Search code examples
c#sql-serversql-server-2017unit-of-work.net-core-2.2

Why would I run out of SQL connections using the unit of work pattern?


When we put many messages on the bus, and they call a process in our business logic, this error is occurring:

The timeout period elapsed prior to obtaining a connection from the pool. This may have occurred because all pooled connections were in use and max pool size was reached.

This doesn't happen when, say, 15 messages call our process. However, it does happen when 80, or 130, processes are invoked.

We're using the unit of work pattern, and the connection is being closed after use. So I'm struggling to understand why it wouldn't be available in the pool for the next process.

This is how the unit of work is used in our app:

using (var uow = _uowFactory.Create(true))
{
    await uow.AccrualRepo.AddAccrualHistoriesAsync(histories);
    await uow.CommitAsync();
}

And this is how the factory returns a uow:

public class UnitOfWorkFactory : IUnitOfWorkFactory
{
    private readonly IConfiguration _configuration;
    private readonly IMediator _mediator;
    private readonly IStateAccessor _stateAccessor;
    private readonly ITimeProvider _timeProvider;
    private readonly IDbConnection _connection;
    private readonly IAccrualMapper _accrualMapper;
    private readonly ILogger<RepoBase> _logger;

    public UnitOfWorkFactory(IConfiguration configuration, IDbConnection sqlConnection, IMediator mediator,
        IStateAccessor stateAccessor, ITimeProvider timeProvider, IAccrualMapper accrualMapper, ILogger<RepoBase> logger)
    {
        _configuration = configuration;
        _mediator = mediator;
        _stateAccessor = stateAccessor;
        _timeProvider = timeProvider;
        _connection = sqlConnection;
        _accrualMapper = accrualMapper;
        _logger = logger;
    }

    public IUnitOfWork Create(bool useTransaction)
    {
        return new UnitOfWork(_configuration, _connection, _mediator, _stateAccessor, _timeProvider, _accrualMapper, _logger, useTransaction);
    }

Our Startup.cs file sets these for dependency injection this way:

services.AddTransient<IUnitOfWorkFactory, UnitOfWorkFactory>();
services.AddTransient<IDbConnection, SqlConnection>();

I now this is a lot of code, but our uow looks like this. Notice that the connection is closed after calling CommitAsync() and when disposing.

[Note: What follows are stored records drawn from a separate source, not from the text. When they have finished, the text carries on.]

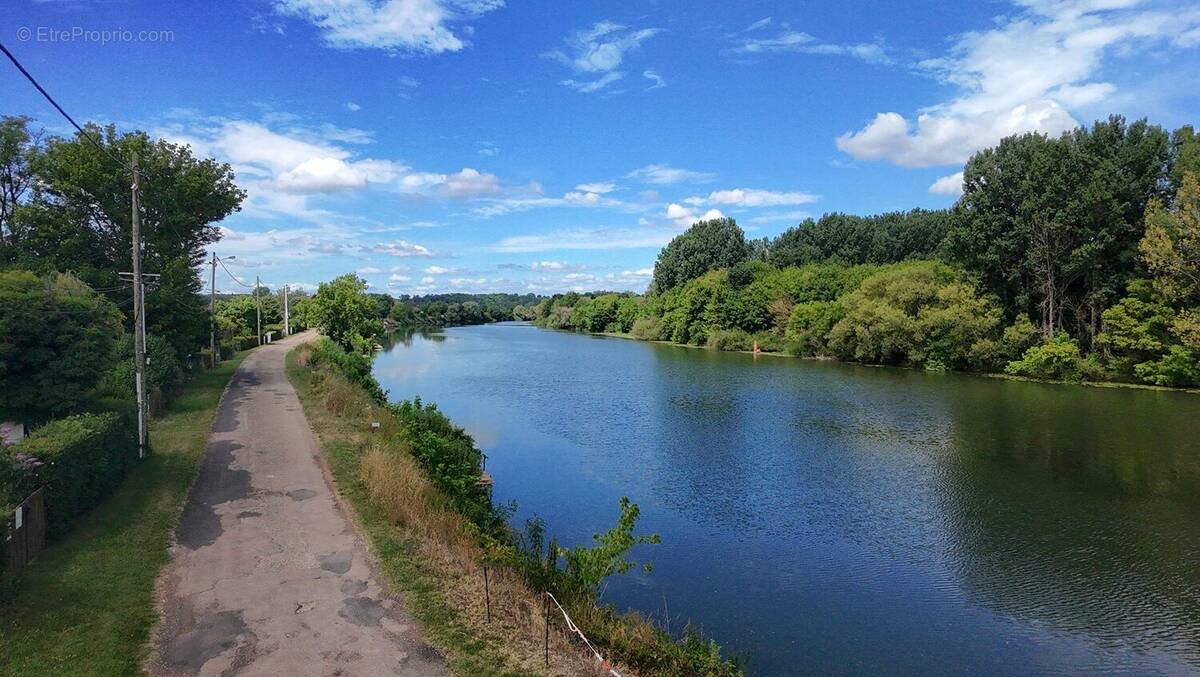 Appartement à LECHATELET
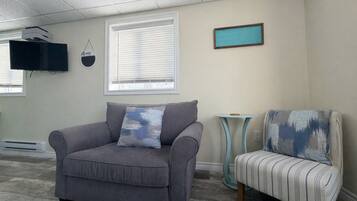 Apartment, 1 King Bed, Kitchenette, Ocean View | Living area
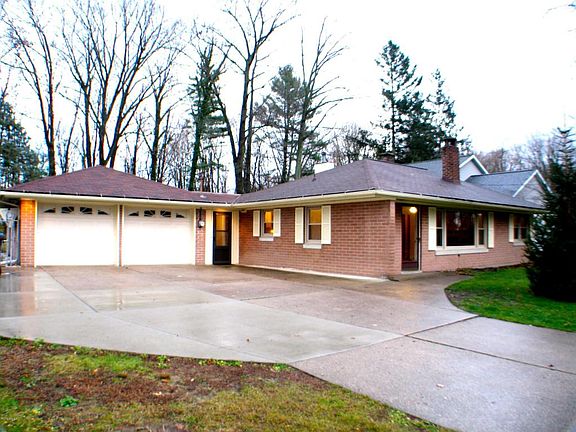 2nd image of 1585 Waukazoo Dr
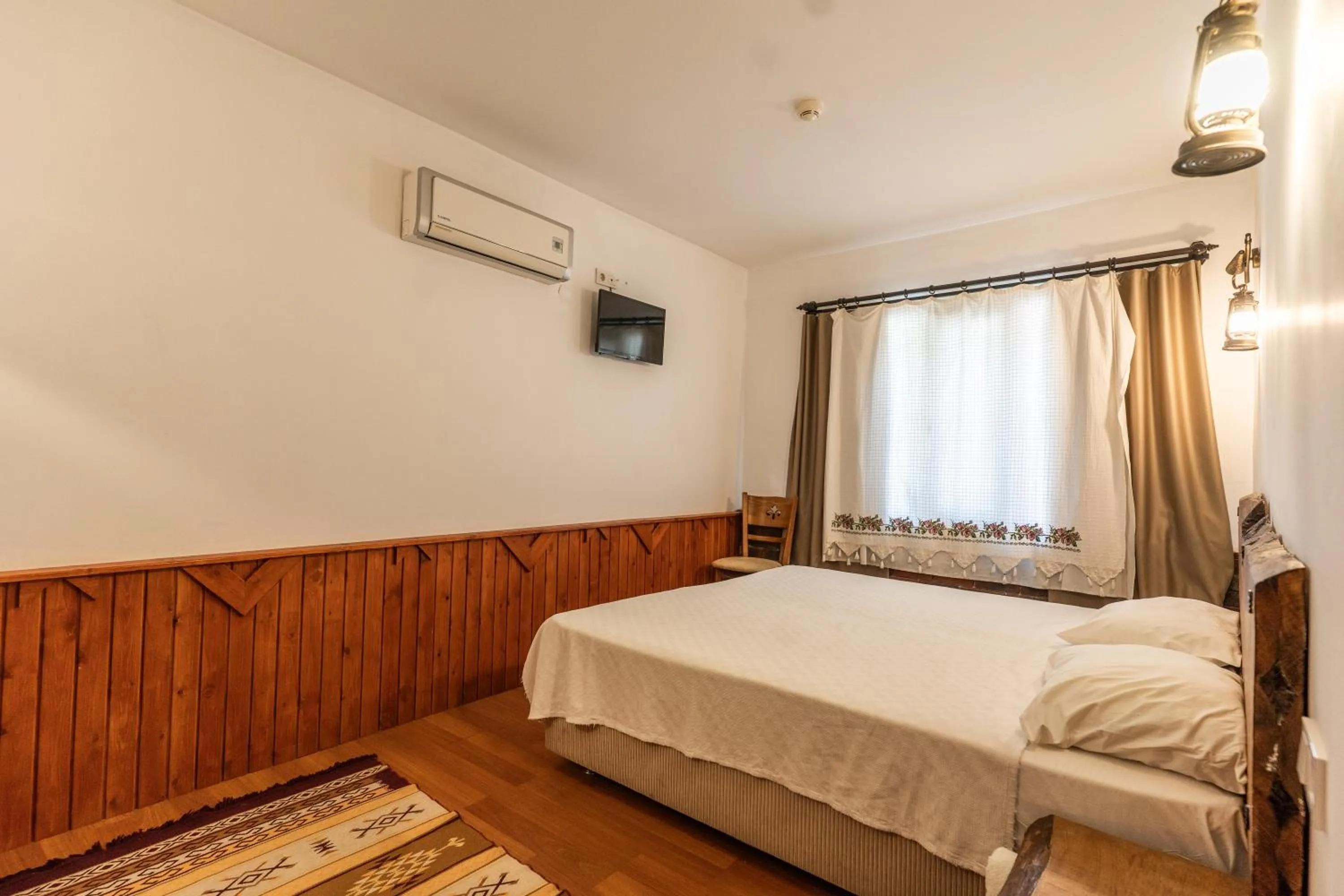 Bedroom, Bed in Amazon Petite Palace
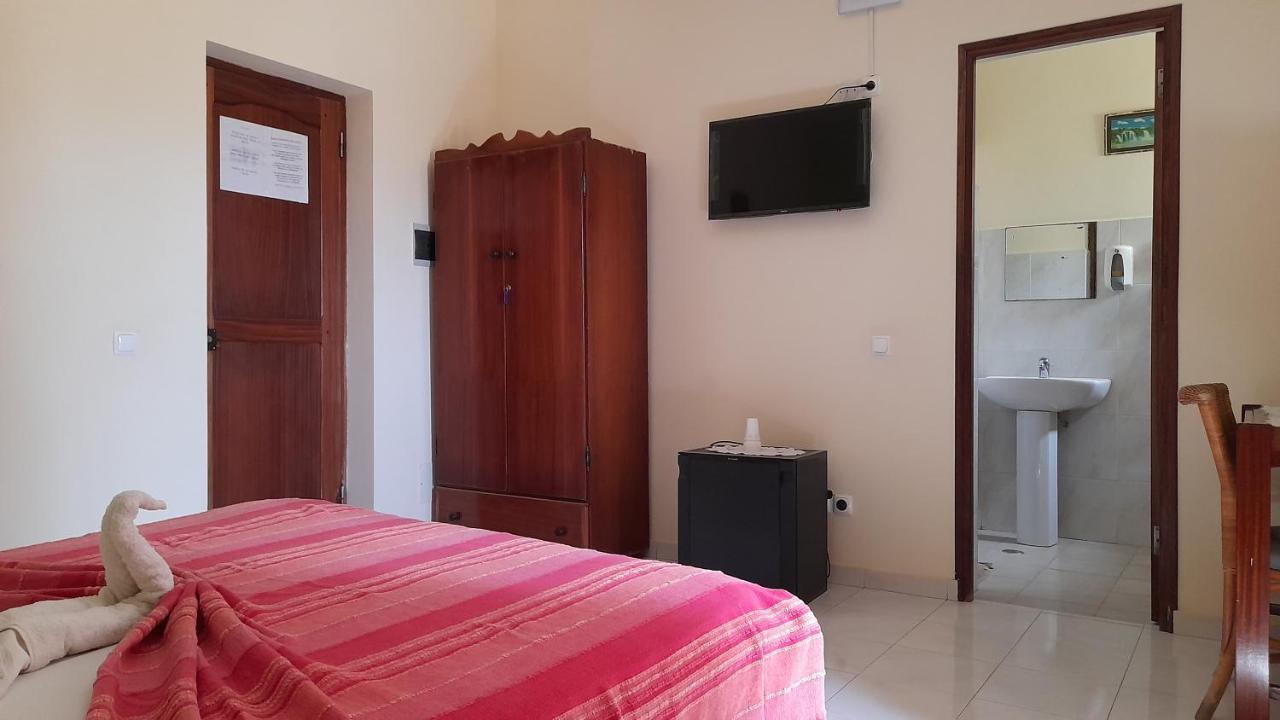 サル・レイ Residencial Rosa Criola Bed & Breakfast エクステリア 写真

public class UnitOfWork : IUnitOfWork, IDisposable
{
    private readonly IConfiguration _configuration;
    private readonly IMediator _mediator;
    private readonly IStateAccessor _stateAccessor;
    private readonly ITimeProvider _timeProvider;
    private readonly IAccrualMapper _accrualMapper;
    private readonly ILogger<RepoBase> _logger;
    private IDbConnection _connection;
    private IDbTransaction _transaction;
    private IAccrualRepo _accrualRepo;
    private bool _disposed;
    private bool _commitOccurred;
    private bool _useTransaction;

    public UnitOfWork(IConfiguration configuration, IDbConnection sqlConnection, IMediator mediator, 
        IStateAccessor stateAccessor, ITimeProvider timeProvider, IAccrualMapper accrualMapper,
        ILogger<RepoBase> logger, bool useTransaction = true)
    {
        _configuration = configuration;
        _mediator = mediator;
        _stateAccessor = stateAccessor;
        _timeProvider = timeProvider;
        _useTransaction = useTransaction;
        _accrualMapper = accrualMapper;
        _logger = logger;
        _connection = sqlConnection;
        _connection.ConnectionString = _configuration["ConnectionString"];
        _connection.Open();

        if (useTransaction)
        {
            _transaction = _connection.BeginTransaction();
        }
    }

    public IAccrualRepo AccrualRepo
    {
        get => _accrualRepo ?? (_accrualRepo = new AccrualRepo(_configuration, _connection,
            _transaction, _stateAccessor, _timeProvider, _mediator, _logger));
        set => _accrualRepo = value;
    }

    public async Task CommitAsync()
    {
        if (!_useTransaction)
        {
            throw new InvalidOperationException("Attempting to call commit on a unit of work that isn't using a transaction");
        }

        try
        {
            _transaction.Commit();
            _commitOccurred = true;
            await InvokePostCommitOnReposAsync();
        }
        catch
        {
            _transaction.Rollback();
            throw;
        }
        finally
        {
            _connection.Close();
            _transaction.Dispose();
            ResetRepositories();
        }
    }

    private async Task InvokePostCommitOnReposAsync()
    {
        var repos = new List<RepoBase>();
        if (_accrualRepo != null) { repos.Add((RepoBase)_accrualRepo); }

        try
        {
            foreach (var repo in repos)
            {
                await repo.PostCommitAsync();
            }
        }
        catch (Exception ex)
        {
            _logger.LogError(ex, "Exception occurred while invoking post commit on a repo.");
        }
    }

    private void ResetRepositories()
    {
        _accrualRepo = null; // Note: there are more repos here, but removed for clarity.
    }

    public void Dispose()
    {
        Dispose(true);
        GC.SuppressFinalize(this); // Already disposed; no need for the GC to finalize.
    }

    protected virtual void Dispose(bool calledFromDisposeAndNotFromFinalizer)
    {
        if (_disposed) { return; }

        if (calledFromDisposeAndNotFromFinalizer)
        {
            // If the user never called commit, but we are using a transaction, then roll back.
            if (!_commitOccurred && _useTransaction && _transaction != null) { _transaction.Rollback(); }

            if (_transaction != null) { _transaction.Dispose(); _transaction = null; }
            if (_connection != null) { _connection.Dispose(); _connection = null; }
        }

        _disposed = true;
    }
}

So why would we have this connection pool issue? Is something being done incorrectly here? Maybe we need to increase the connection pool size?


Solution

  • Connections pool size is simultaneous connections allowed. For example, the default is 100 for SQL Server. If the number of connections at one time goes above that, they have to wait for previous connections to close.

    If you have a lot of messages that can come in at once, I recommend increasing the connection pool size.

    https://learn.microsoft.com/en-us/dotnet/framework/data/adonet/sql-server-connection-pooling

    However, if you notice you are getting this message after a certain amount of run-time. It's probably because there is a problem with the code and some connections aren't being closed.